- [Collection entries]
■ ■ ■ ■

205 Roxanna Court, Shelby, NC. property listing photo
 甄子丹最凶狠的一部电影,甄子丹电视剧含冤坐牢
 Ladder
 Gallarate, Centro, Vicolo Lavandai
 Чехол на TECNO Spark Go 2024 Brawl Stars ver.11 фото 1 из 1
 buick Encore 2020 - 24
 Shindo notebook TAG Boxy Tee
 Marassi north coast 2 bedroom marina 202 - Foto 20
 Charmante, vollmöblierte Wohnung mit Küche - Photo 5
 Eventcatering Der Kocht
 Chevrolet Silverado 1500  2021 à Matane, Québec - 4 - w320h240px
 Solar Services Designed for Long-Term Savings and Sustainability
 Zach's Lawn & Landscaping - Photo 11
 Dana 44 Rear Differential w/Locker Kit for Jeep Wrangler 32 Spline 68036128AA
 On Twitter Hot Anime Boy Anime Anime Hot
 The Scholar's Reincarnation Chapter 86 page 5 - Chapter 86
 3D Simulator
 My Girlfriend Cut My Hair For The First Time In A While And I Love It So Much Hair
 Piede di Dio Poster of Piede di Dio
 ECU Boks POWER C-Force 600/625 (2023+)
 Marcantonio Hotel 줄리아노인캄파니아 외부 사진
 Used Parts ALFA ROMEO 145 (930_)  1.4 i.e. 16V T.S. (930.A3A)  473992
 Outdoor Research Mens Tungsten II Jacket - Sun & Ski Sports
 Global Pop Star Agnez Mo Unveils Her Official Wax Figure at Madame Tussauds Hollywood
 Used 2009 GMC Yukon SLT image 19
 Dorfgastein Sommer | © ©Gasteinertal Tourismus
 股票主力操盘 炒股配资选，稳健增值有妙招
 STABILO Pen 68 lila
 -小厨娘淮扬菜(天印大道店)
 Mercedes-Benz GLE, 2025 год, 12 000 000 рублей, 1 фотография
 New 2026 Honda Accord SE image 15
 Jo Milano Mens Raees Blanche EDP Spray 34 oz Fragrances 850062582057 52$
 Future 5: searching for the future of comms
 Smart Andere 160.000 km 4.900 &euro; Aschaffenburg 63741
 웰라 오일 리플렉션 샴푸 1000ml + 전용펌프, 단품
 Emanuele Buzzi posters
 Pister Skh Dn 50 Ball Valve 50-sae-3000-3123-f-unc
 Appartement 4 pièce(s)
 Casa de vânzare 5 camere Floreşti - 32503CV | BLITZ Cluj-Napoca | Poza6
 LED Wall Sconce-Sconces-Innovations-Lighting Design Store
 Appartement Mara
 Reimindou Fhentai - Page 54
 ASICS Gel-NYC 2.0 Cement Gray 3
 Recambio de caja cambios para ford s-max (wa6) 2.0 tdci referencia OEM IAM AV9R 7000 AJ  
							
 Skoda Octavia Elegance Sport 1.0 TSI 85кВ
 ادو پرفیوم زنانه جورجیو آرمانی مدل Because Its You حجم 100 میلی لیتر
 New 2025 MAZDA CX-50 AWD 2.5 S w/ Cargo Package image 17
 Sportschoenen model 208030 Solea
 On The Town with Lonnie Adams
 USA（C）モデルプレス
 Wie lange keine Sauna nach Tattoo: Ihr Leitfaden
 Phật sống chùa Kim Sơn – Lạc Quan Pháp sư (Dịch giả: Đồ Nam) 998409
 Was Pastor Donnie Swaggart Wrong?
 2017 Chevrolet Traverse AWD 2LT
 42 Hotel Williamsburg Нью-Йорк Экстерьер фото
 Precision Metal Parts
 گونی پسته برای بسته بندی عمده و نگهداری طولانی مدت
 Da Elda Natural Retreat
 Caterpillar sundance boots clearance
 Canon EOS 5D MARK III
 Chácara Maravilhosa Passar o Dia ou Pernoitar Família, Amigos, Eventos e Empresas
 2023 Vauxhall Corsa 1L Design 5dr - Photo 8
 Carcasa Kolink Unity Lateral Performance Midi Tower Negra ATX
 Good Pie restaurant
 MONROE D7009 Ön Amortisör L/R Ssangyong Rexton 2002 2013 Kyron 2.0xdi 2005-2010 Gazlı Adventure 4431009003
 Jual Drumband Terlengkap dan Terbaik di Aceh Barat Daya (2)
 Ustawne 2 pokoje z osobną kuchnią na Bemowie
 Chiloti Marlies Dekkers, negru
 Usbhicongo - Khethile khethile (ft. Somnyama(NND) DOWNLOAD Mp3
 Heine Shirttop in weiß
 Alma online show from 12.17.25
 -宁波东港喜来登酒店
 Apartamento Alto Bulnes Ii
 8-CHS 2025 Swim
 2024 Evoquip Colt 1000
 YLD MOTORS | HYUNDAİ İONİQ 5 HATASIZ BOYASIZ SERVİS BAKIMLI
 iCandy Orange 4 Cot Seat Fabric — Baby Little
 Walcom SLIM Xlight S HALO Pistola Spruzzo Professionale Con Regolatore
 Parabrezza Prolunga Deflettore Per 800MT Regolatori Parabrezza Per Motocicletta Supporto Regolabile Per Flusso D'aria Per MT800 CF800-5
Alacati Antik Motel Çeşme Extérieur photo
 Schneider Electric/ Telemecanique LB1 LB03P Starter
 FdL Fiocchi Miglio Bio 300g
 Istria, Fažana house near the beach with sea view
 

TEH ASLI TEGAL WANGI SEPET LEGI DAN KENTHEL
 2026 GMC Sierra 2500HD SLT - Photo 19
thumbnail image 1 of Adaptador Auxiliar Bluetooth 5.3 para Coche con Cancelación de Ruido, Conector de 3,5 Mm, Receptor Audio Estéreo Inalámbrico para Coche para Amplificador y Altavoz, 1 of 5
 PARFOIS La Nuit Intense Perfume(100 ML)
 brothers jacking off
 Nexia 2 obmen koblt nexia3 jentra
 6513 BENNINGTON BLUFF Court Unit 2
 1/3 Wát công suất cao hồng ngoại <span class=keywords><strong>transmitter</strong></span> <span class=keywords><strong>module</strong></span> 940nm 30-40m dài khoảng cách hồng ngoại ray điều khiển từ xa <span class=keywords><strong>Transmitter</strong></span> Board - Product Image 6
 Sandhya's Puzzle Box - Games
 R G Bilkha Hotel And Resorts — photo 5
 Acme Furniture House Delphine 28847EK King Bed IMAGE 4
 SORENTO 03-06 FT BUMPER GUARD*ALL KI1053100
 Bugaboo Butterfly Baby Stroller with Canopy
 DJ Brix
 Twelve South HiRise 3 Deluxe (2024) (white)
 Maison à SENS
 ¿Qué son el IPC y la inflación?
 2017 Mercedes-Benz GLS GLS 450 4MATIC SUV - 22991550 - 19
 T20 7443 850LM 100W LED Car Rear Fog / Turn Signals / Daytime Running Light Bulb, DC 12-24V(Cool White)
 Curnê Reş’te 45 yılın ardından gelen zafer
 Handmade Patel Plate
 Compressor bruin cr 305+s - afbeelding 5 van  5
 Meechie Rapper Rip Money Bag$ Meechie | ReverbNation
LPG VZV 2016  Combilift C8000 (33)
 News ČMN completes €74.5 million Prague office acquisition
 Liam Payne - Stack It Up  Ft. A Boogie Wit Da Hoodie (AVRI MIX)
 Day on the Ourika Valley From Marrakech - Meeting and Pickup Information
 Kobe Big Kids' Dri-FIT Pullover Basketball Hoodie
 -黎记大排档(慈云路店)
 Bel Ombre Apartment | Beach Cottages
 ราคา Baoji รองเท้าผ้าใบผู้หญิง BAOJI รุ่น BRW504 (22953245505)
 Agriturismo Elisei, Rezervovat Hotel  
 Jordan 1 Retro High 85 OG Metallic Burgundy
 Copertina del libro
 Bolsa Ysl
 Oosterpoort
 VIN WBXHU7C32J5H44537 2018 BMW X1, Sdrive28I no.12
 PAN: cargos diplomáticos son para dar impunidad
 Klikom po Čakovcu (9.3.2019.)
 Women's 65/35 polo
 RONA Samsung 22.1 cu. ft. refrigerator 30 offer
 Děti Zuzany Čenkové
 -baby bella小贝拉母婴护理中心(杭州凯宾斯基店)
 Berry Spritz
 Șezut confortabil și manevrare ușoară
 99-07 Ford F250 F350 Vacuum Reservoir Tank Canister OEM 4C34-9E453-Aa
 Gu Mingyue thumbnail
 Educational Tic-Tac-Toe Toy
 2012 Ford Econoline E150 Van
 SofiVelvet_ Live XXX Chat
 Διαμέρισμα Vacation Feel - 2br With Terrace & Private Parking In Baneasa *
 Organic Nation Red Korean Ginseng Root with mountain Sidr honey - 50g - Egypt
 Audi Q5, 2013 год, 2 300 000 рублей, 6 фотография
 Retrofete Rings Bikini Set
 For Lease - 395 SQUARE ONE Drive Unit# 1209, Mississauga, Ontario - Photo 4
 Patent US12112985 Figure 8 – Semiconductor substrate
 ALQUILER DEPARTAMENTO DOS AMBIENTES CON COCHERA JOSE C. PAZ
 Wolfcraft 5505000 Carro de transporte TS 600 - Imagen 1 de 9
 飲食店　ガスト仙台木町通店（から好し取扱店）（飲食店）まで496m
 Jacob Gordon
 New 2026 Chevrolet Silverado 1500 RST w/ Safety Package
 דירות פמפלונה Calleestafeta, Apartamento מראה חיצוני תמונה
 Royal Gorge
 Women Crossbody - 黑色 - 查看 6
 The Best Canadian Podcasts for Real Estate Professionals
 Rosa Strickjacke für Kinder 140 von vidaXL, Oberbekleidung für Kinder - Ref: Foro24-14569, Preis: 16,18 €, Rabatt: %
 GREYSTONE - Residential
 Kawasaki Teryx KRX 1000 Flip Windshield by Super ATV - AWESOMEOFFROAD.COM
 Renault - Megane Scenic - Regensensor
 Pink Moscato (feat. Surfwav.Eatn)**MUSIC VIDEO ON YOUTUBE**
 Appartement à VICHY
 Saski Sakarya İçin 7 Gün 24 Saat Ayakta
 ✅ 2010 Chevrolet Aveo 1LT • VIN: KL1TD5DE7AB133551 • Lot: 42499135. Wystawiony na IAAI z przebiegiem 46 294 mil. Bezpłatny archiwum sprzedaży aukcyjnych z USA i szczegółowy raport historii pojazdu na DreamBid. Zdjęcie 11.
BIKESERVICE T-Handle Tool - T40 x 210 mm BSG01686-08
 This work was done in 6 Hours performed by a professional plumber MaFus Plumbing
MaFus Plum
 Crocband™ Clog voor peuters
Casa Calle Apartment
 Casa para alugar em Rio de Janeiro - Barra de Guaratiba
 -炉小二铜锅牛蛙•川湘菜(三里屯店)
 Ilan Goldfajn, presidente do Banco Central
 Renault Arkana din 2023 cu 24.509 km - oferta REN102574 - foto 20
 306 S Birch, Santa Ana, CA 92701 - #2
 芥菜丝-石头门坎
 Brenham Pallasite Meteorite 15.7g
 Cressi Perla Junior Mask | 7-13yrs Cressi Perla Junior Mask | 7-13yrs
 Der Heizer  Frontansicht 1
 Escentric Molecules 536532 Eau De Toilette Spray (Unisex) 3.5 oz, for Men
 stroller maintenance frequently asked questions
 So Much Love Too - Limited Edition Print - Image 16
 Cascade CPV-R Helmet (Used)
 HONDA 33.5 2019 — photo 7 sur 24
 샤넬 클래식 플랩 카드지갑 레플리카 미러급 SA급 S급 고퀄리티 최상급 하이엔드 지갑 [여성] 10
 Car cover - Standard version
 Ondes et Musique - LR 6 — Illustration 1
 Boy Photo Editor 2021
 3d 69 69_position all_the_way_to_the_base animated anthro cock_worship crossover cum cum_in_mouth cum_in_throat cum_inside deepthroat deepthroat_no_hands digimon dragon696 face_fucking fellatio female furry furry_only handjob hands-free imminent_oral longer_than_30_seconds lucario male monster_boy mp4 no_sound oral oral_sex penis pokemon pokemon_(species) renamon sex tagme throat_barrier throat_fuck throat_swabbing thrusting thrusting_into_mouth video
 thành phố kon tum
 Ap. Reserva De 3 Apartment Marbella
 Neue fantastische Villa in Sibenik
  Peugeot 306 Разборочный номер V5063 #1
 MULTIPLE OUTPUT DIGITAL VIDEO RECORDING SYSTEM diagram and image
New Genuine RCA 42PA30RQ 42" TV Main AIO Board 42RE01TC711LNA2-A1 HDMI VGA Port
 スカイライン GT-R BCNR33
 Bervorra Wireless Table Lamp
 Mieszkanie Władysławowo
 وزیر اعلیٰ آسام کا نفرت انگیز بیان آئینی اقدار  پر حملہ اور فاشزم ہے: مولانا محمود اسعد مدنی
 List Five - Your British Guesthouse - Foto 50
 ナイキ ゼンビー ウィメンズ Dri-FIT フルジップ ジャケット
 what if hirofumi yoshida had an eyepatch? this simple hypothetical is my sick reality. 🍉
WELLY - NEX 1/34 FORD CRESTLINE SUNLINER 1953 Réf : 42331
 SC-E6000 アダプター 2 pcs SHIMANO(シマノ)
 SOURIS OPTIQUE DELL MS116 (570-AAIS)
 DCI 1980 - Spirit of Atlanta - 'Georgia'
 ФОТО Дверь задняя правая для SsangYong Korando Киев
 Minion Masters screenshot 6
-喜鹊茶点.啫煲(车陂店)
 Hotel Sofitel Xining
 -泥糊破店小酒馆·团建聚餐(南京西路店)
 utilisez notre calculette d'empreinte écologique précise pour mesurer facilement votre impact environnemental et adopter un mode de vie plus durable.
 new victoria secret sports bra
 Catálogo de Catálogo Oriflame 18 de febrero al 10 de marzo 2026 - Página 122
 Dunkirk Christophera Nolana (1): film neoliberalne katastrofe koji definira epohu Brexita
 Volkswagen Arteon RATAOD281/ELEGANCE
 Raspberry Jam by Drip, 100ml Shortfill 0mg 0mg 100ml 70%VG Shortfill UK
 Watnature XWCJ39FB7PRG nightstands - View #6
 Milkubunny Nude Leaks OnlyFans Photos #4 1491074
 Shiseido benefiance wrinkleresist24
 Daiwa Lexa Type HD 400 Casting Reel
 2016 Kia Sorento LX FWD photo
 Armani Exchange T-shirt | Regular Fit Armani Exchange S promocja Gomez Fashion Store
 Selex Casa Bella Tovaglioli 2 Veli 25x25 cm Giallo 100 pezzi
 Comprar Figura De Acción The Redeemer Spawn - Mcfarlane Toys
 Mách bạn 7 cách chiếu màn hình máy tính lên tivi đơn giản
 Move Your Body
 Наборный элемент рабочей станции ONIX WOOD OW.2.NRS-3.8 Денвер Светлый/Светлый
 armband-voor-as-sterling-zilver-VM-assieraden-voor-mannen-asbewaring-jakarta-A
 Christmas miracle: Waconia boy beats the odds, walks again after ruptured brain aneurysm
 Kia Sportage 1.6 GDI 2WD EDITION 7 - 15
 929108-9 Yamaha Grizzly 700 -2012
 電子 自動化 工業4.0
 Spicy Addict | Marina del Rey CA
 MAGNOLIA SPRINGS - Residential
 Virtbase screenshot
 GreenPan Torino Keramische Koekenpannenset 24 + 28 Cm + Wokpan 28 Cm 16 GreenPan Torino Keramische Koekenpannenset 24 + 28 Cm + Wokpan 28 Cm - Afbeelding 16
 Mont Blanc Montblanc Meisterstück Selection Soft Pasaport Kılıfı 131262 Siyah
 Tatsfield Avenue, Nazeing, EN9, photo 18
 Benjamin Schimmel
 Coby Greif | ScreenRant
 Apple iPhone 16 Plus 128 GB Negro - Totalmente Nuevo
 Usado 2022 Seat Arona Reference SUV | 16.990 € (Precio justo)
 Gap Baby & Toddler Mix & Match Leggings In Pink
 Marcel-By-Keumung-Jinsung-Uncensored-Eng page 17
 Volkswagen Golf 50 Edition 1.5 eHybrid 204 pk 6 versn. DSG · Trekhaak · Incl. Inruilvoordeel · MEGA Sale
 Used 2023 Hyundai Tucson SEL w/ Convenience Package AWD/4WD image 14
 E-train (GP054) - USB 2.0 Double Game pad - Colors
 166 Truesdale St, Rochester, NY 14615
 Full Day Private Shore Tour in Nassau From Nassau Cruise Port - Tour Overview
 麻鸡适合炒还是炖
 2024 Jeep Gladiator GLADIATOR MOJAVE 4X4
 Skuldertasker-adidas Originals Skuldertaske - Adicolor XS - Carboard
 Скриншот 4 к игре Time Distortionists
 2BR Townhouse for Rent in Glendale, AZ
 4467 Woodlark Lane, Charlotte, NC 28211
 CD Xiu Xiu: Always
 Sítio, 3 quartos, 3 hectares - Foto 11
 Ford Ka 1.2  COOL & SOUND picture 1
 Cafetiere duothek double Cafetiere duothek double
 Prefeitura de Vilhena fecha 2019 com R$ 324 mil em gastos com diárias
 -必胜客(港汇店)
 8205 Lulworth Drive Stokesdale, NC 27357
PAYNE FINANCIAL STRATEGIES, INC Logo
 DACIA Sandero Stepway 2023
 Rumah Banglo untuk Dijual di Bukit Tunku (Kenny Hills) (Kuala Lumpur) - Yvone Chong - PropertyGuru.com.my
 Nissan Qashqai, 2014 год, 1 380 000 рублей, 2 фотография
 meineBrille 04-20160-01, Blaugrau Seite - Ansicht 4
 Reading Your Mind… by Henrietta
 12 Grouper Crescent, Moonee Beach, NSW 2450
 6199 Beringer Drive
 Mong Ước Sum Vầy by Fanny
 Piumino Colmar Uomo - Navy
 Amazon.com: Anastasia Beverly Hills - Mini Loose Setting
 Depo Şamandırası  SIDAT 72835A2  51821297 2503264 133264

■ ■ ■ ■

- [Work order] Reproduce the lines of the entries above from the one with "SOURIS OPTIQUE DELL MS116 (570-AAIS)" to the one with "Catálogo de Catálogo", both included, exactly and without any other line.

- [Solution to the exercise]
 SOURIS OPTIQUE DELL MS116 (570-AAIS)
 DCI 1980 - Spirit of Atlanta - 'Georgia'
 ФОТО Дверь задняя правая для SsangYong Korando Киев
 Minion Masters screenshot 6
-喜鹊茶点.啫煲(车陂店)
 Hotel Sofitel Xining
 -泥糊破店小酒馆·团建聚餐(南京西路店)
 utilisez notre calculette d'empreinte écologique précise pour mesurer facilement votre impact environnemental et adopter un mode de vie plus durable.
 new victoria secret sports bra
 Catálogo de Catálogo Oriflame 18 de febrero al 10 de marzo 2026 - Página 122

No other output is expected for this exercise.